The Wishart Act’s Pre-Sale Disclosure Requirements

The Wishart Act sets has three major components; 1) a requirement of fair dealing between parties to franchise agreements, 2) a right for franchisees to associate and 3) the creation of a pre-sale disclosure regime. Fair dealing, good faith and commercial reasonableness have been and will continue to be discussed at length elsewhere. No other component of the legislation, however, created more consternation for franchisors and work for their solicitors than the disclosure obligations, and their ancillary penalty and remedy provisions.

Compliance

If a franchisor operating or selling franchises in Ontario already had a disclosure document or an offering circular prepared in accordance with the laws of another jurisdiction, the disclosure requirements of the Wishart Act made it necessary to either create new disclosure documents, or to substantially revise (“Ontario-ize”) their existing document. Disclosure documents or offering circulars prepared prior to the Wishart Act and in compliance with other jurisdictions, or pursuant to the Canadian Franchise Association guidelines do not fulfil the disclosure requirements of the Wishart Act. This fact, combined with the imposition of liability on a host of entities — including personal liability on signatories to the disclosure document – for providing disclosure documents that contain misrepresentations or otherwise fail to comply with the Wishart Act, should make specific and complete compliance with the disclosure requirements of the Wishart Act of primary concern to franchisors and their counsel.

Timing of Disclosure

The timing of disclosure is also dictated by the Wishart Act. The disclosure document in prescribed form must be provided to a prospective franchisee at least 14 days prior to the earlier of a) the signing by the prospective franchisee of any agreement relating to the franchise agreement, or b) the payment of any consideration relating to the franchise. Timing is key, and may result in the difference between proper, timely disclosure, and late disclosure, and all the remedies that flow therefrom.

Scope and Application

Franchisors from other jurisdictions cannot avoid the requirements of the Wishart Act, which applies to all new franchise agreements, renewals and extensions of existing agreements, if the business is to be operated party or wholly in Ontario. As long as the franchise “operates” to some extent in Ontario, the Wishart Act will apply, subject to some very limited exceptions and exemptions.
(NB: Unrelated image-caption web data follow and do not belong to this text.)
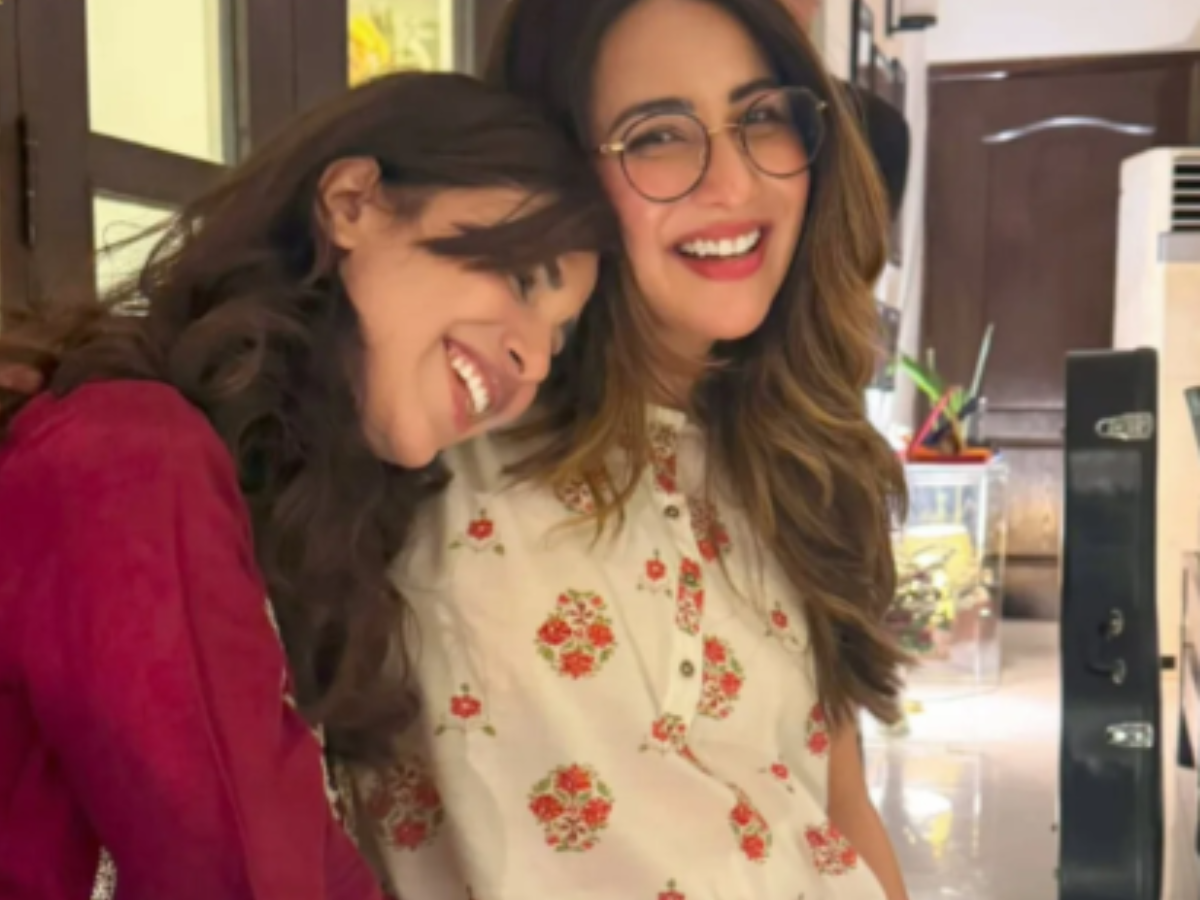 Sonya Hussaiyn shares warm farewell post as Ushna Shah heads to London for baby's arrival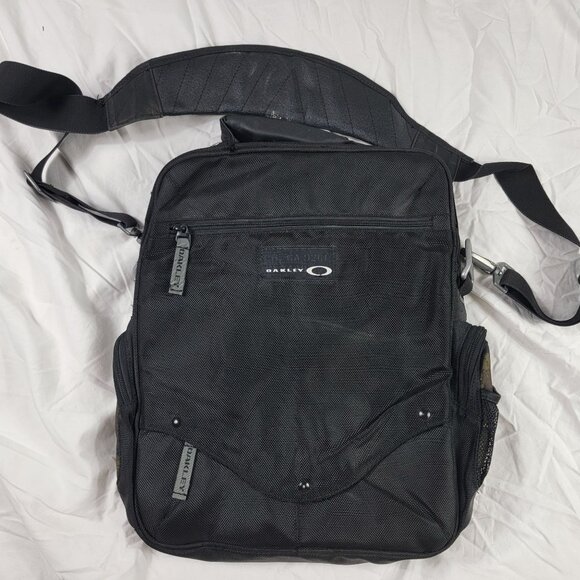 Oakley Tactical Field Gear Camouflage Black Messenger Bag Casual Outdoors - Picture 2 of 11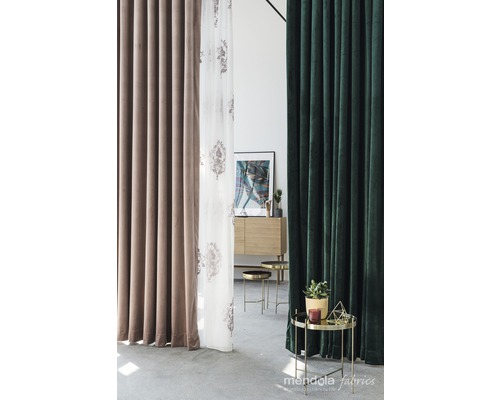 Interiérový pohľad so závesmi rôznych farieb a textúr pre dizajn interiéru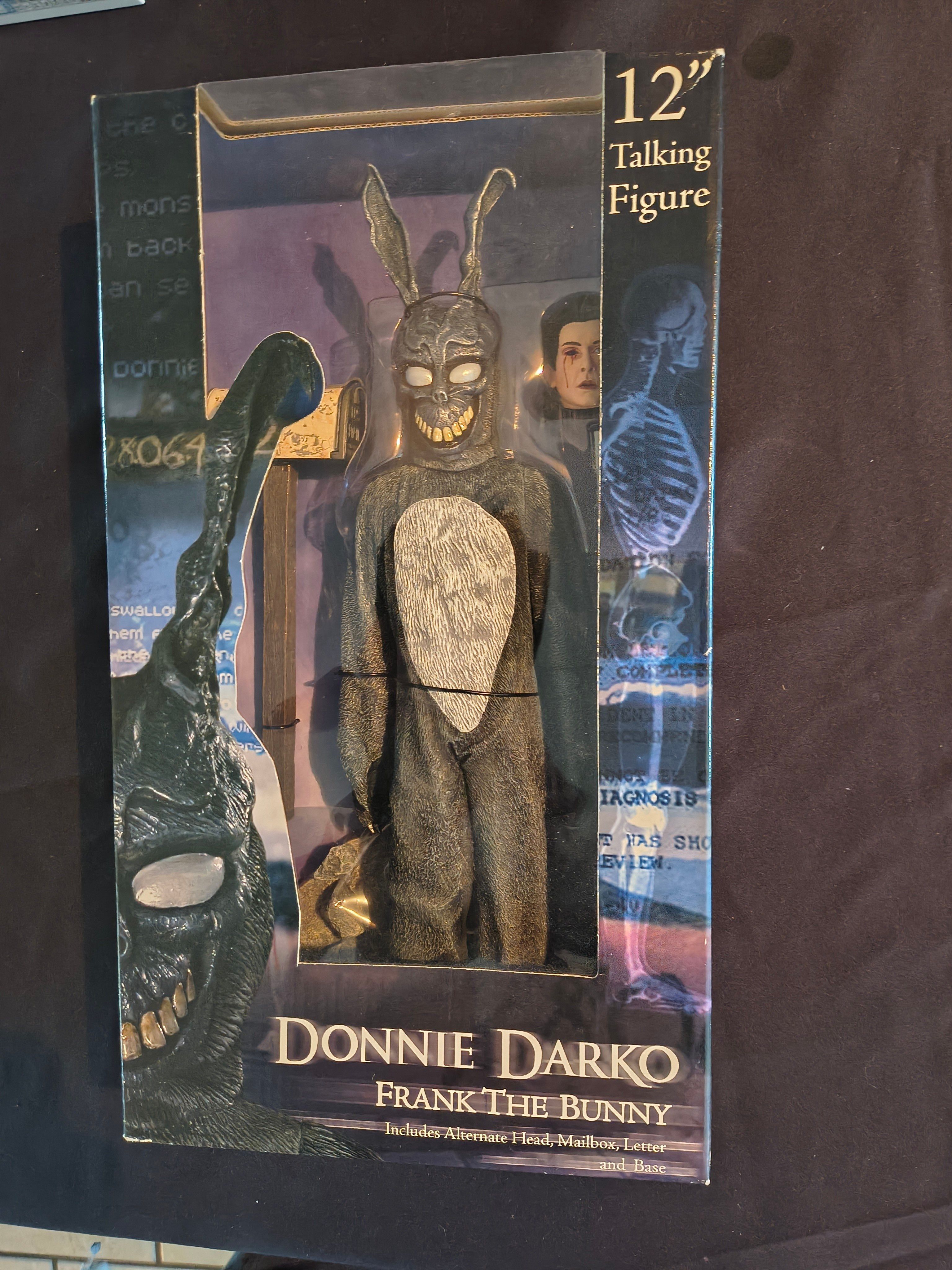 FRANK THE BUNNY (DONNIE DARKO) 12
Material Facts and Changes

Unlike every other jurisdictions in the world (to the knowledge of the authors) Alberta and Ontario have opted for totally open-ended disclosure. The Wishart Act and the Regulations require disclosure relative to about 25 categories of information (we say “about” because the helter-skelter numbering of the Regulations makes navigation through the requirements somewhat confusing). In addition to the approximate 25 categories of disclosure, the Wishart Act also requires that a disclosure document contain “all material facts” and “all material changes”. A material fact is broadly defined by the Wishart Act as “any information about the business, operations, capital or control of the franchisor or franchisor’s associate, or about the franchise system, that would reasonably be expected to have a significant effect on the value or price of the franchise to be granted or the decision to acquire the franchise”, and a material change is defined as any “change in the business, operations, capital or control of the franchisor..., a change in the franchise system or a prescribed change, that would reasonably be expected to have a significant adverse effect on the value or price of the franchise to be granted or on the decision to acquire the franchise and includes a decision to implement such a change made by the board of directors of the franchisors...or by senior management of the franchisor...who believe that confirmation of the decision by the board of directors is probable”.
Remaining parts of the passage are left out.